Task statement:
For this exercise, reproduce each entry below exactly, excluding pictures.

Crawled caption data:
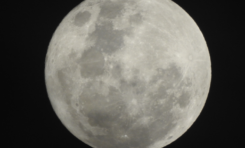 L'image du jour [15/11/16] Super Lune - Super Moon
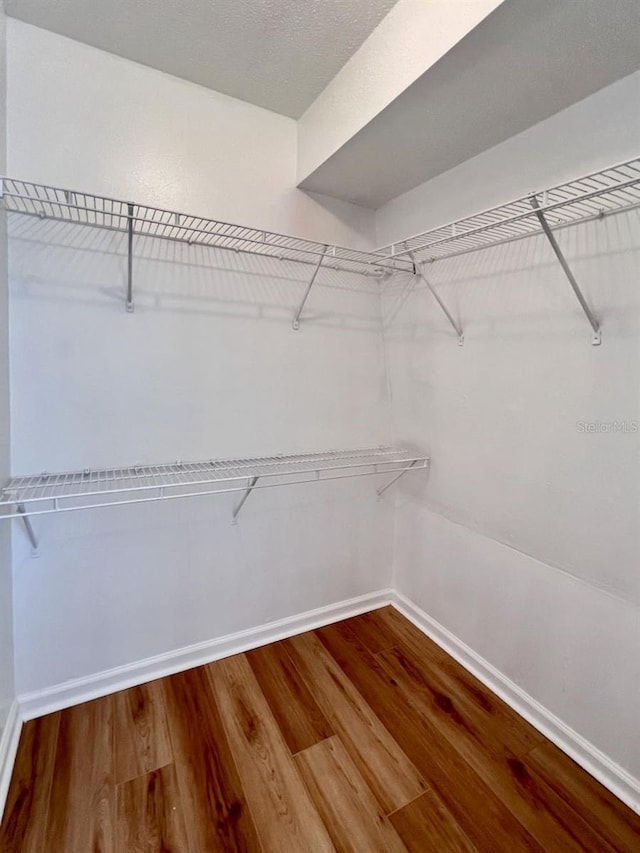 walk in closet featuring wood finished floors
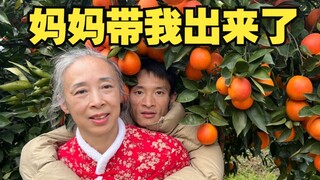 Mom took Xinge to sell fruit, rose blood oranges from my hometown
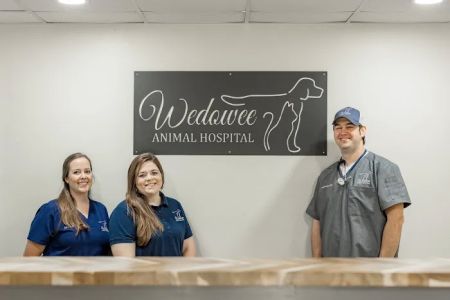 Wedowee Animal Hospital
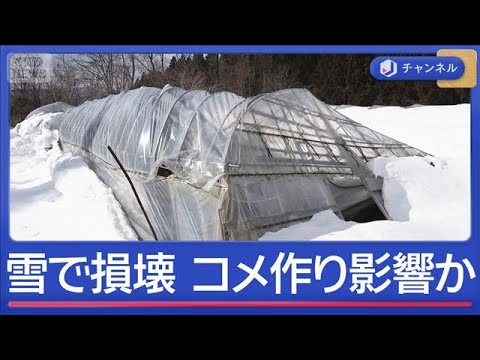 豪雪でコメ倉庫損壊　“コメ作り”ピンチ？【スーパーJチャンネル】(2026年2月17日)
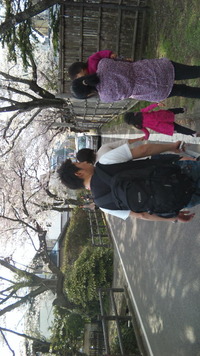 まさかの桜と温泉 2010/05/02 18:24:25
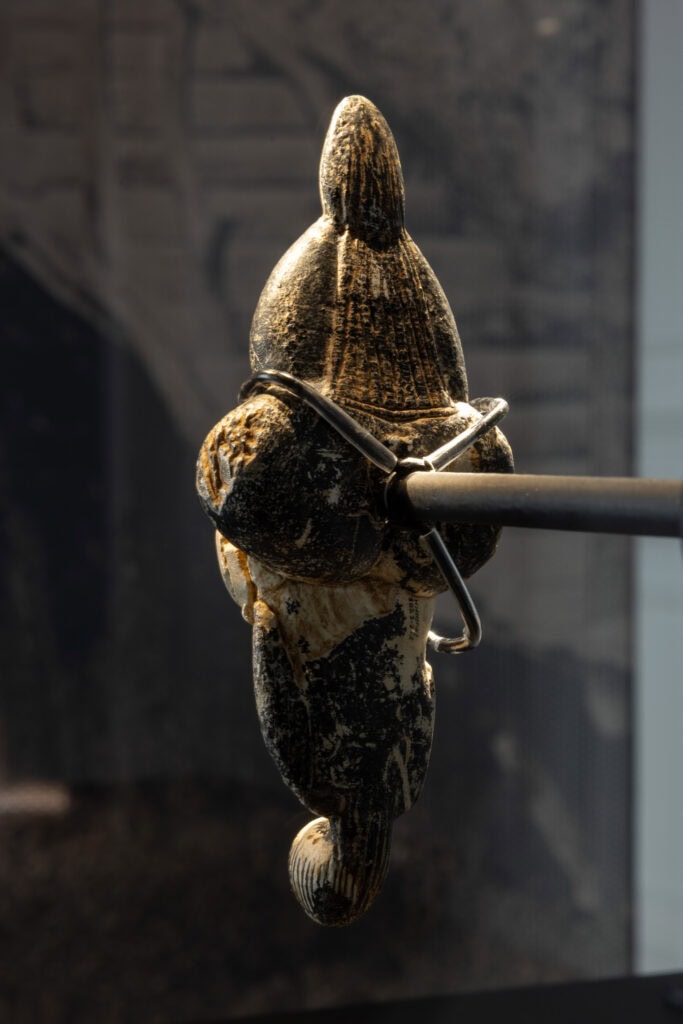 «Αφροδίτη του Lespugue» (οπίσθια όψη), 28.000 χρόνια πριν το παρόν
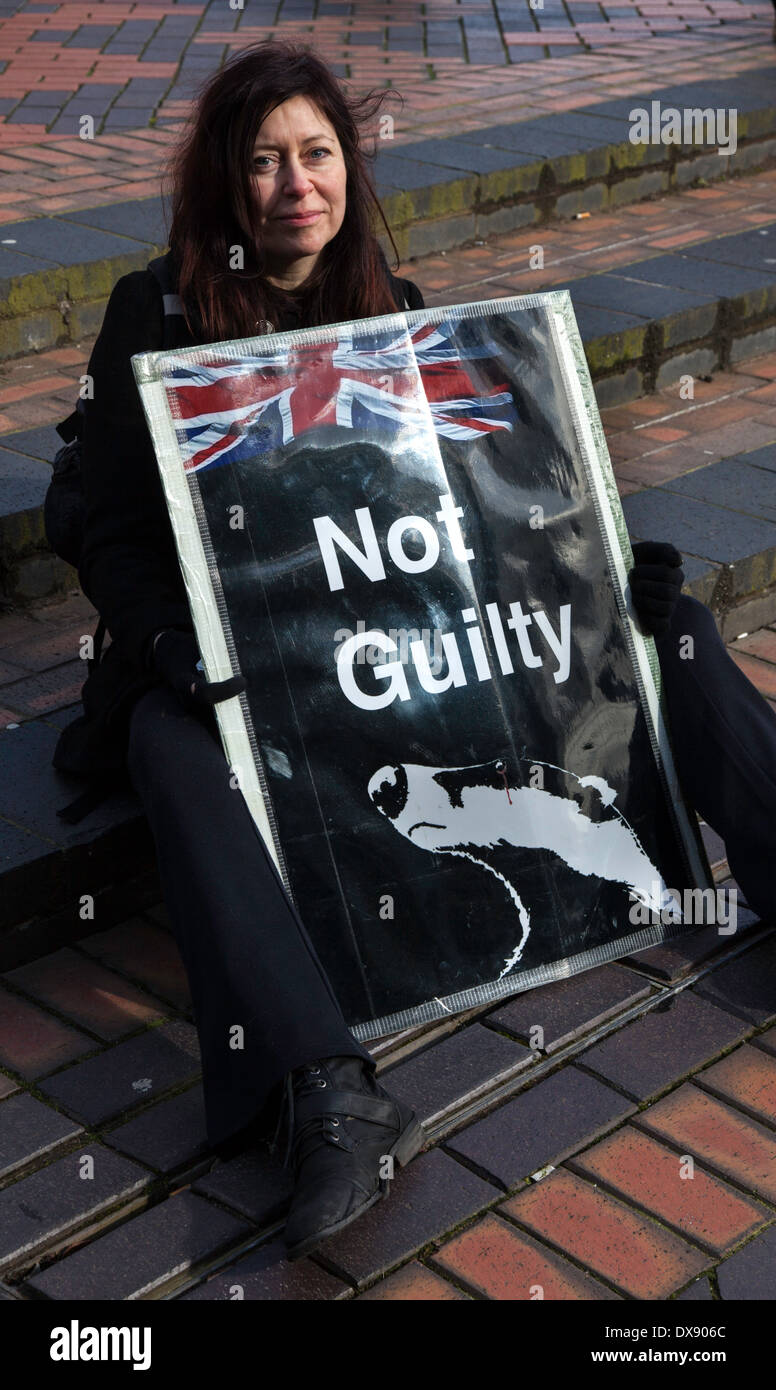 Lady Protest über den Dachs Keulung, England, UK Stockfoto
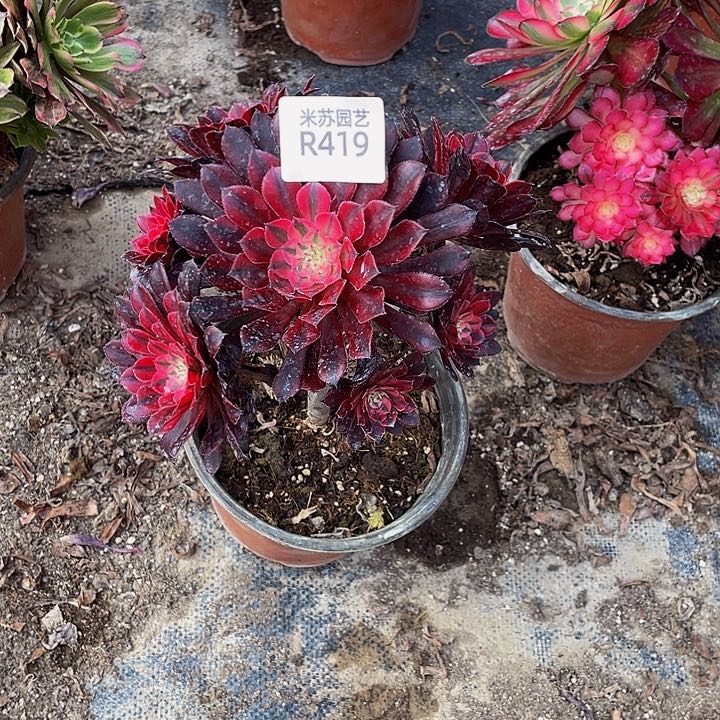 419多肉植物的生长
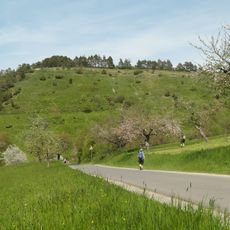 Trockenhänge bei Böttigheim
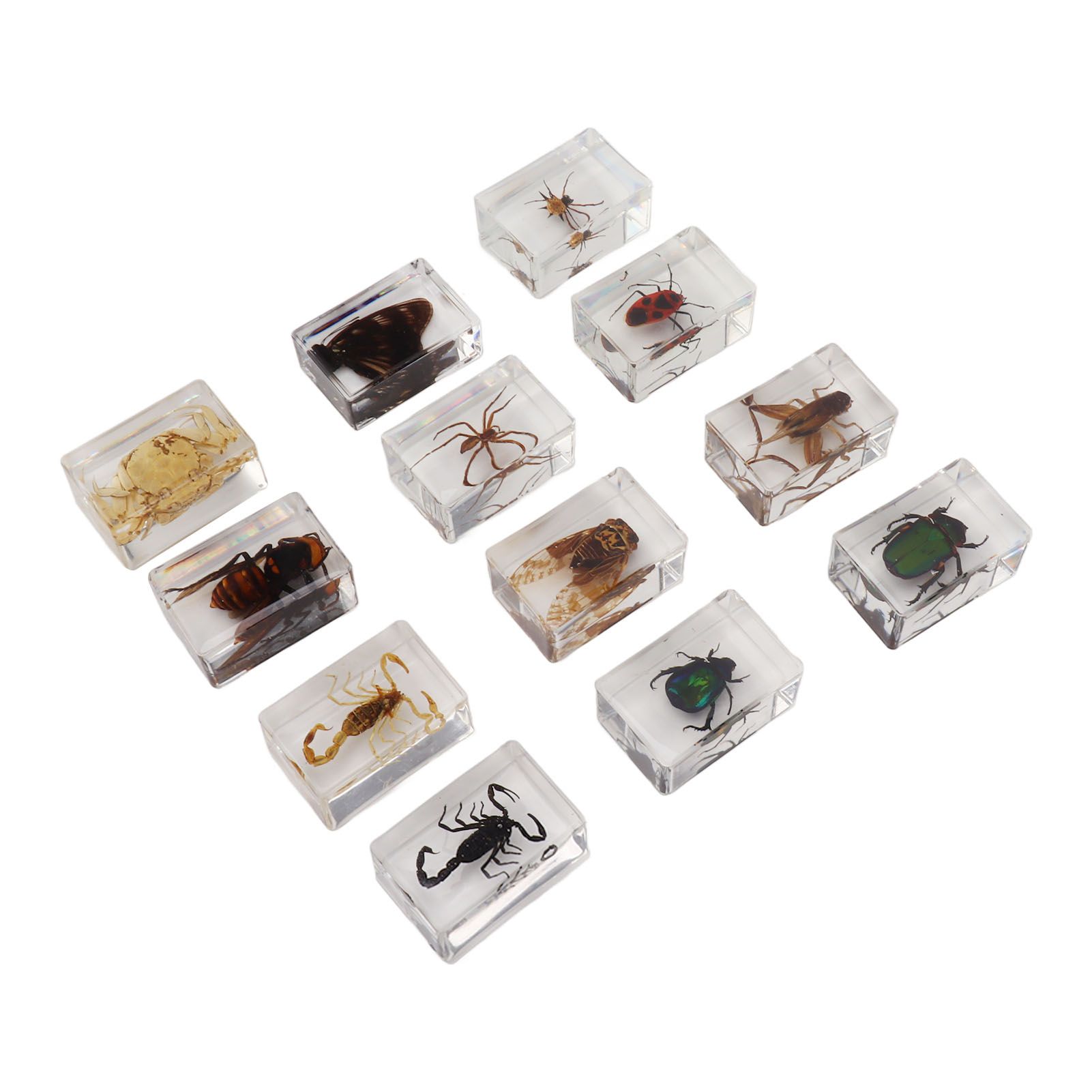 12 Pcs Real Bug Specimens Transparent Resin Science Education Classroom Bug Specimen Sample Tabletop Ornament - Image 7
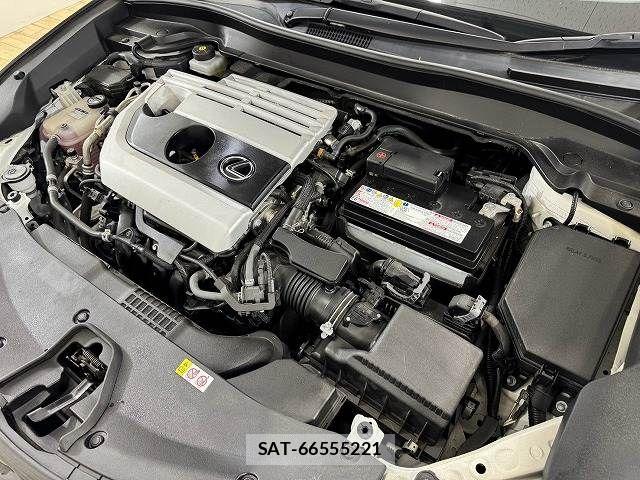 Lexus UX 2019-06 8485655-17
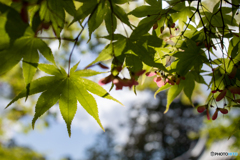 青もみじに紅もみじ？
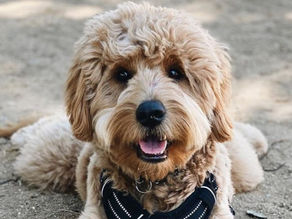 hypoallergenic doodle coat types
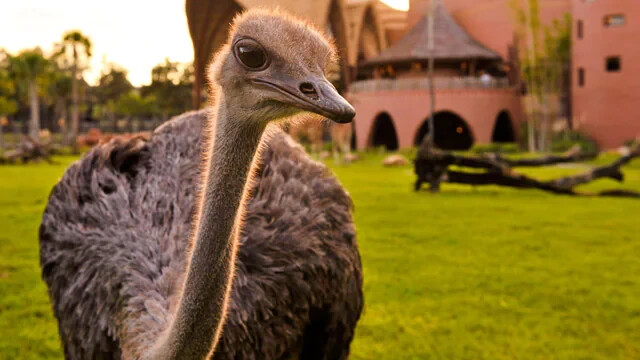 Disney Animal Kingdom Villa Kidani Village Hotel ANY 3 Night ANY YEAR 3BR Resort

Answer space:
 L'image du jour [15/11/16] Super Lune - Super Moon
 walk in closet featuring wood finished floors
 Mom took Xinge to sell fruit, rose blood oranges from my hometown
 Wedowee Animal Hospital
 豪雪でコメ倉庫損壊　“コメ作り”ピンチ？【スーパーJチャンネル】(2026年2月17日)
 まさかの桜と温泉 2010/05/02 18:24:25
 «Αφροδίτη του Lespugue» (οπίσθια όψη), 28.000 χρόνια πριν το παρόν
 Lady Protest über den Dachs Keulung, England, UK Stockfoto
 419多肉植物的生长
 Trockenhänge bei Böttigheim
 12 Pcs Real Bug Specimens Transparent Resin Science Education Classroom Bug Specimen Sample Tabletop Ornament - Image 7
 Lexus UX 2019-06 8485655-17
 青もみじに紅もみじ？
 hypoallergenic doodle coat types
 Disney Animal Kingdom Villa Kidani Village Hotel ANY 3 Night ANY YEAR 3BR Resort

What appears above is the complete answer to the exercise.